In our latest CRIPtic workshop, Deaf actor David Ellington talked us through some ways to think about integrating BSL into performances. Here, we share David’s top resources to help you consider British Sign Language within the performing arts.

  1. Learn the BSL alphabet
    https://vimeo.com/447637353/86de5e5a7a
    Before you can even begin to think about integrating BSL into a performance, it’s probably worth considering the language itself. At the very beginning of the workshop, David walked us through the BSL alphabet, and courtesy of the above video from Fun Palace, you can learn the alphabet as well.
  2. Consider BSL’s unique grammar and syntax
    https://www.youtube.com/watch?v=dLvoW-SHPco
    BSL is not English, for it has its own sentence structure, and it’s a visual language. In the above video, from BSL Learning with Mel, Mel gives a few examples of some sentences which are framed slightly differently in BSL. It might give you some food for thought as to how your performance can be translated – or rather, interpreted – into BSL.
  3. Think about how you would audio describe BSL
    https://www.youtube.com/watch?v=cSDZj_pttAo
    As mentioned previously, BSL is a visual language, and so when access is provided to one group of people, we have to think about how that affects another group of people, such as blind and visually impaired individuals. During his session with us, David gave participants a handful of scenarios, with one person signing the story, and another person describing what they saw. In another exercise, David asked us all to come up with sign names (signs which are used in place of fingerspelling a person’s name) and later describe the hand movements required to perform them, as an audio description. For example, in David’s case, he told us to imagine picking up an orange with your right hand, squeezing it and putting it in front of your forehead.

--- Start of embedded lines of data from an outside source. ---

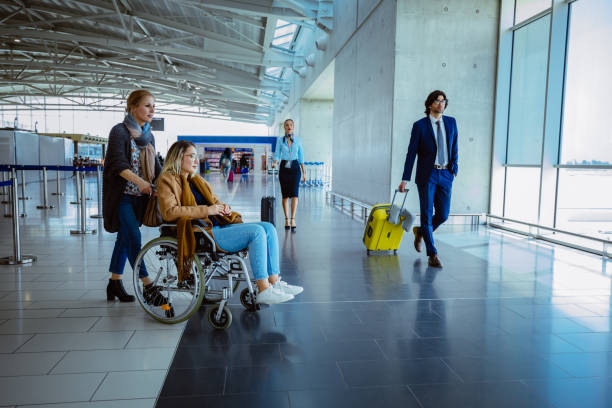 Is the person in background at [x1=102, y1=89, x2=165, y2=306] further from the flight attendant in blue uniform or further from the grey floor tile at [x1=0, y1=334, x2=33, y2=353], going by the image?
the flight attendant in blue uniform

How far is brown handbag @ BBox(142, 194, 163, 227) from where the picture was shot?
9.77 ft

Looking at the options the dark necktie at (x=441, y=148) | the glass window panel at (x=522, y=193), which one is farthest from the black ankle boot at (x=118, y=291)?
the glass window panel at (x=522, y=193)


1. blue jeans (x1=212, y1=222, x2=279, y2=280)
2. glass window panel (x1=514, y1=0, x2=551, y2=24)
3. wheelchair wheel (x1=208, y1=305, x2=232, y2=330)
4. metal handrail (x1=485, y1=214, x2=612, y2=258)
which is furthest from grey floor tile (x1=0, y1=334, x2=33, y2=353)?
glass window panel (x1=514, y1=0, x2=551, y2=24)

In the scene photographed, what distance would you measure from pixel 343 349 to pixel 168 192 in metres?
1.34

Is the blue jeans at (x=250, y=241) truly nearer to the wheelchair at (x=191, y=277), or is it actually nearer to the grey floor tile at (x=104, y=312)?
the wheelchair at (x=191, y=277)

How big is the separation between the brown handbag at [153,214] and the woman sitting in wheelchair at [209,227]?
255 mm

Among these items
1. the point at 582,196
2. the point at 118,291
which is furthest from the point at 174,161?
the point at 582,196

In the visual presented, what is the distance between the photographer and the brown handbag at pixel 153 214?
2.98m

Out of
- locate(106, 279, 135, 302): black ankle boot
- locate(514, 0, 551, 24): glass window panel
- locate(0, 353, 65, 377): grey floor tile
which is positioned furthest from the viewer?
locate(514, 0, 551, 24): glass window panel

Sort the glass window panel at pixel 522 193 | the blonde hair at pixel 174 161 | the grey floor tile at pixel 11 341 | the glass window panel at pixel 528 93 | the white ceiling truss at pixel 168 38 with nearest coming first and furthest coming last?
the grey floor tile at pixel 11 341, the blonde hair at pixel 174 161, the glass window panel at pixel 528 93, the glass window panel at pixel 522 193, the white ceiling truss at pixel 168 38

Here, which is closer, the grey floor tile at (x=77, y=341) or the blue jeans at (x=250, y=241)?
the grey floor tile at (x=77, y=341)

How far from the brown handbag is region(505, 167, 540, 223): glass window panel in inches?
209

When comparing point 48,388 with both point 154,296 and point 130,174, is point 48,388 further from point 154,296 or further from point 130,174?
point 130,174

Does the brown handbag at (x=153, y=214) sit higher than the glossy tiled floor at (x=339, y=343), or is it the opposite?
the brown handbag at (x=153, y=214) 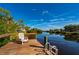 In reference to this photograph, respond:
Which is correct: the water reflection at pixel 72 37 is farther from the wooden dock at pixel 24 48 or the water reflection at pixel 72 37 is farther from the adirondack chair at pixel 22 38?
the adirondack chair at pixel 22 38

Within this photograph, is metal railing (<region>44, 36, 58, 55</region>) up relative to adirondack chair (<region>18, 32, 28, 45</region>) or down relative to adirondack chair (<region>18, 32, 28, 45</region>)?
down

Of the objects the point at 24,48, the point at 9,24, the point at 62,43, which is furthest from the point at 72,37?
the point at 9,24

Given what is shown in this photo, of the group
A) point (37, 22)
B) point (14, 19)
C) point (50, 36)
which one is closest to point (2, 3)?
point (14, 19)

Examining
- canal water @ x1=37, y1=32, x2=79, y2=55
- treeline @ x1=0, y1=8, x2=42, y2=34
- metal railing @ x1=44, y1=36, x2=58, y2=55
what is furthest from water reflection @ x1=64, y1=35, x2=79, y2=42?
treeline @ x1=0, y1=8, x2=42, y2=34

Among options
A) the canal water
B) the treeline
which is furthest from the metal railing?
the treeline

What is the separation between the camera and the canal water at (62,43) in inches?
138

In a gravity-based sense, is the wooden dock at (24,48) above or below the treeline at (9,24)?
below

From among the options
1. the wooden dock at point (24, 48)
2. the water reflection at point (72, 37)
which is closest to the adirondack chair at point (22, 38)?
the wooden dock at point (24, 48)

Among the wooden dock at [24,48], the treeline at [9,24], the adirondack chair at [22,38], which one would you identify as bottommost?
the wooden dock at [24,48]

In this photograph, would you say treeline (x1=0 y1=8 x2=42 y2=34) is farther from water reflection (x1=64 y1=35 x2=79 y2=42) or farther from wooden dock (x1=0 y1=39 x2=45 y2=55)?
water reflection (x1=64 y1=35 x2=79 y2=42)

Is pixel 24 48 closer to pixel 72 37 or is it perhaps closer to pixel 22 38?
pixel 22 38

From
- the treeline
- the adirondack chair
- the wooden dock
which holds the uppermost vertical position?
the treeline

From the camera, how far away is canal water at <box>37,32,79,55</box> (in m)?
3.50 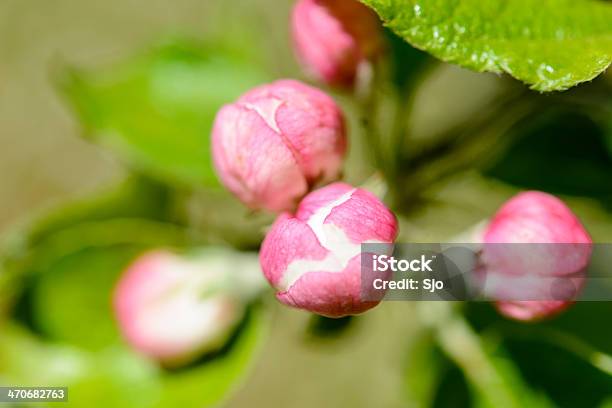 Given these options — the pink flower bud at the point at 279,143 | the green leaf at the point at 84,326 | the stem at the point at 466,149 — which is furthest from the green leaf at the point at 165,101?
the pink flower bud at the point at 279,143

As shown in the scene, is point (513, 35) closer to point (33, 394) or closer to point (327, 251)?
point (327, 251)

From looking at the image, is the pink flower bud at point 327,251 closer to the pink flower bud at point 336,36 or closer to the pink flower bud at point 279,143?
the pink flower bud at point 279,143

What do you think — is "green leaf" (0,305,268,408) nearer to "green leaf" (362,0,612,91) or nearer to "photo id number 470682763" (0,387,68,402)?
"photo id number 470682763" (0,387,68,402)

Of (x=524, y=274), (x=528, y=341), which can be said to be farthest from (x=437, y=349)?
(x=524, y=274)

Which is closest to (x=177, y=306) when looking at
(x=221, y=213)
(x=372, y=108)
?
(x=372, y=108)

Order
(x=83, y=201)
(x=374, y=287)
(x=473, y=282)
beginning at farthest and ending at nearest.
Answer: (x=83, y=201) → (x=473, y=282) → (x=374, y=287)

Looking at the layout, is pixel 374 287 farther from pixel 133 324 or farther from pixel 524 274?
pixel 133 324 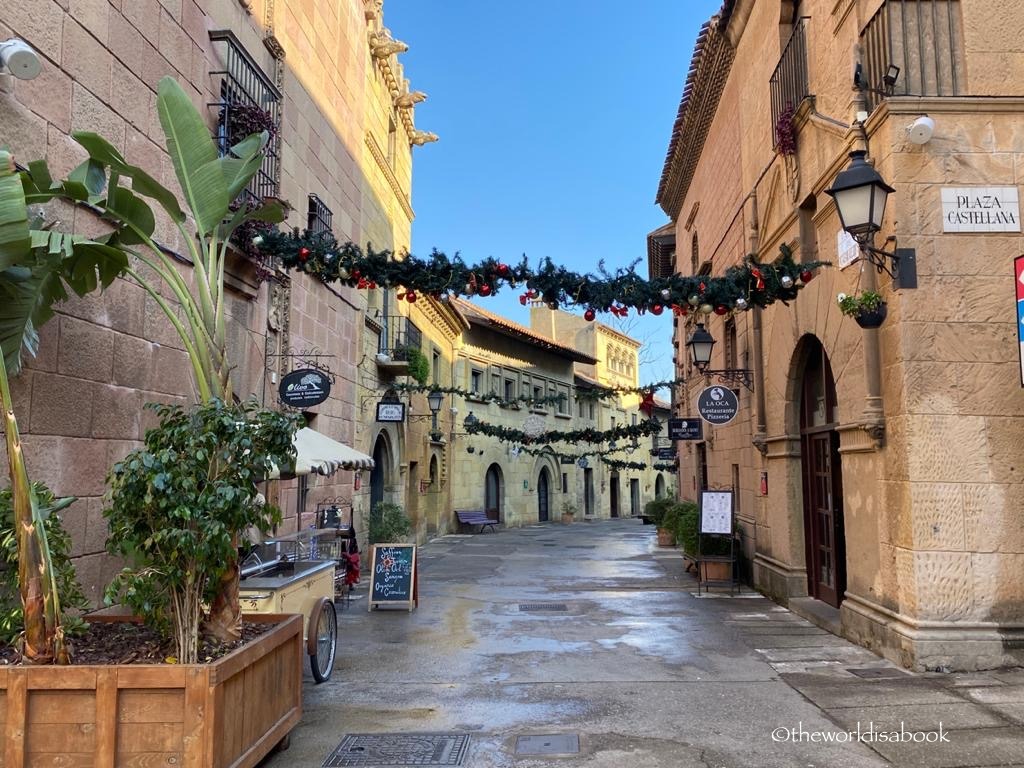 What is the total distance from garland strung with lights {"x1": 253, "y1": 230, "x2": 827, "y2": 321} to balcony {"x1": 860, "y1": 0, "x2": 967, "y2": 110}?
1858 millimetres

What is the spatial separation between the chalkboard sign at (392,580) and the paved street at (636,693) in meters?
0.24

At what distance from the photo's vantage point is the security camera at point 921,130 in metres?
6.84

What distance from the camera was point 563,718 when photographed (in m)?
5.59

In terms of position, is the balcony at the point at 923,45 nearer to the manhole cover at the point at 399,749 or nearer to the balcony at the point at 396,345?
the manhole cover at the point at 399,749

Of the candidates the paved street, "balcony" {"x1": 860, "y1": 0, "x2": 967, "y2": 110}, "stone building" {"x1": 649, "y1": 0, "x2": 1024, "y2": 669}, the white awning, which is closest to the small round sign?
"stone building" {"x1": 649, "y1": 0, "x2": 1024, "y2": 669}

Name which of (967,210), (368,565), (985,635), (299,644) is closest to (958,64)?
(967,210)

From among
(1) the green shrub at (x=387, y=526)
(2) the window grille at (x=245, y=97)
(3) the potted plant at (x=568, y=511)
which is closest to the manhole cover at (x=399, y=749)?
(2) the window grille at (x=245, y=97)

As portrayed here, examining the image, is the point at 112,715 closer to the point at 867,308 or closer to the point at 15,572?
the point at 15,572

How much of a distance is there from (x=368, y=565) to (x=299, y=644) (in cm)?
951

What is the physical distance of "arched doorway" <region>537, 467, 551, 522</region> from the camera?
123 ft

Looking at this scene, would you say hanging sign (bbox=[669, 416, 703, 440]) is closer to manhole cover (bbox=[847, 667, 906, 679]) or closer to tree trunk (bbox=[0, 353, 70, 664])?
manhole cover (bbox=[847, 667, 906, 679])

In a similar exercise to the one described above, why not use the YouTube video from Learn Sign Language as a test of your audio description skills, and test what is being signed in that specific story.

There you have it! A few resources which should get you thinking more about incorporating sign language into your performances.

As one of our workshop participants said at the end of the session, BSL integration is about communication rather than something you can do. It can offer up an opportunity to make accessibility creative, in addition to being a necessity.